Transformation is brought about from a deeper understanding of your customers. Research can uncover many unknown purchase drivers, behaviours and barriers. Retail owners would be surprised to discover how the introduction of new store formats and new online, social and mobile tools are currently frustrating consumers. The main culprit is that these touchpoints do not correlate to one another as part of an integrated user experience. With this growing complexity, the journey becomes increasingly fragmented and difficult. Recognising the need for integration, retail owners must have their digital, trade, brand and product efforts integrate together. This is to create a cohesive experience pre-purchase, at purchase, post-purchase and for the life cycle of the customer.
With a hyper-focus on customers, retailers must examine the shopping experience throughout the customer journey, parse out their pain points and anticipate the needs of their customers while in-store. Identifying signature touchpoints becomes that much easier, allowing you to create a step-by-step customer experience roadmap that drives transformation and business impact.
2. Use a tool like WiFi Marketing to bridge the gap between online and in-store touchpoints.
Savvy, digitally-enabled customers expect great brand experiences online, in-store and after purchases. As we established in the previous point, lack of connection between the digital and physical touchpoints creates fiction in the shopping experience. The retailer that can seamlessly integrate these touchpoints is less likely to have customer abandonment.
Leading retailers often ensure that their physical and digital stories are aligned closely from all fronts including branding, product selection and promotions. As stated, today’s customer is actively seeking out a meaningful shopping experience, shopping across locations and devices. Remember, the shopping experience is not linear. Hence, the retailer that takes a channel-agnostic, or “omnichannel” approach, is the one who can deliver a truly seamless customer experience.

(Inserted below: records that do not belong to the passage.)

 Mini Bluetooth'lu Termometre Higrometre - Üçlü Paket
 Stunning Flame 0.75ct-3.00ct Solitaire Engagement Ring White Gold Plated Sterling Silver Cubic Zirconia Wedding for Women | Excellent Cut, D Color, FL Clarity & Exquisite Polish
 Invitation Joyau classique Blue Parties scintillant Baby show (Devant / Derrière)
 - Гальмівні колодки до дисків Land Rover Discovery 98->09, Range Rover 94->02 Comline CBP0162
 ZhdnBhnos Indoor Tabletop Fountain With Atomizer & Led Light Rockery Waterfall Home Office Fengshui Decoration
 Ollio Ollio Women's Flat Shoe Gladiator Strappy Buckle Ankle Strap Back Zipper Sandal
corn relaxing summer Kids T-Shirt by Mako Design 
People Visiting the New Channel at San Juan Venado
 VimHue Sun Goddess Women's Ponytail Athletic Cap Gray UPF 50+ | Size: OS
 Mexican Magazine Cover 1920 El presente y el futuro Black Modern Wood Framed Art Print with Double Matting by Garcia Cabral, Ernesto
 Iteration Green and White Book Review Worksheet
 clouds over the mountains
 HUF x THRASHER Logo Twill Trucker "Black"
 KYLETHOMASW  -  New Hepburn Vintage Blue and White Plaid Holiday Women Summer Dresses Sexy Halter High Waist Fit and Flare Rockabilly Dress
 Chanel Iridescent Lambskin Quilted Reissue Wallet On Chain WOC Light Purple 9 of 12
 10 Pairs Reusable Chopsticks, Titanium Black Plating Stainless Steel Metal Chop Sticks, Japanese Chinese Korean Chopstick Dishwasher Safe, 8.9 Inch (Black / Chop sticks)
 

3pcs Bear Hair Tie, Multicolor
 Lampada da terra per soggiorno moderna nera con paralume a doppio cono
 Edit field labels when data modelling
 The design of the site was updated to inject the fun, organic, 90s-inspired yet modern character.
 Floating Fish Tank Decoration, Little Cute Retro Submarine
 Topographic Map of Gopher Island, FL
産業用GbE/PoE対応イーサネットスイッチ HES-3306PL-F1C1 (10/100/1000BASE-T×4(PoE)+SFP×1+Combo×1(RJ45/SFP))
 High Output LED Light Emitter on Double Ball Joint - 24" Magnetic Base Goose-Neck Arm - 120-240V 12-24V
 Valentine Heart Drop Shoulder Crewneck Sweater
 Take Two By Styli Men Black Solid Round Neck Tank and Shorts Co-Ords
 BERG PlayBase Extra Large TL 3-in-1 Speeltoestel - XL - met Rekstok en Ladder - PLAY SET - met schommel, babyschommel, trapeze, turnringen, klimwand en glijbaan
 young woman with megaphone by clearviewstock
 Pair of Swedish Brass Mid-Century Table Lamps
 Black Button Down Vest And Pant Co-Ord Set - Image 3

Why WiFi? One, because it can cast a wide net, detecting the most number of devices. Two, it gently opts customers into agile, ‘always-on’ engagement. With WiFi nearly everywhere and highly prized, it’s the best way to achieving economies of scale across your customer base. Third, it empowers brick and mortar venues with marketing analytics previously exclusive to eCommerce properties. Finally, it’s proven to encourage customers to spend more time and money.
3. Redefine ‘customer service’ into ‘customer hospitality’
Today’s customers aren’t necessarily responsive to the “hard sell” messages of a bygone retail era. Think back to a recent experience you encountered when walking into a store. How did the sales associate welcome you? Did their greeting engage you or repel you? These are things to consider as your in-store personnel often deliver the first impressions of your business. Hence, sales associates (and by extension, in-store personnel) need to undergo a transformation of their own – the transformation into hosts. In a retail setting, well-trained employees would behave very much like hosts would at their own dinner parties: continuously offering hospitality and ensuring their guests feel special.
The Senior Vice President of Retail at Apple was quoted saying: “The thing is, I don’t want to be sold to when I walk into a store. I want to be welcomed.” (See reference below)
Rather than talking at your customers, talk with your customers. This ongoing dialogue begins with a personable and authentic connection with your customers. This is the gateway to ascertaining their needs and helpfully guiding them to the point of purchase.
In conclusion, the rule of thumb in transforming your in-store experience is to start and end yours with your customer in mind. The goal of driving repeat customer visits is conceivable when a business is mobilized around a clear and common customer-first vision.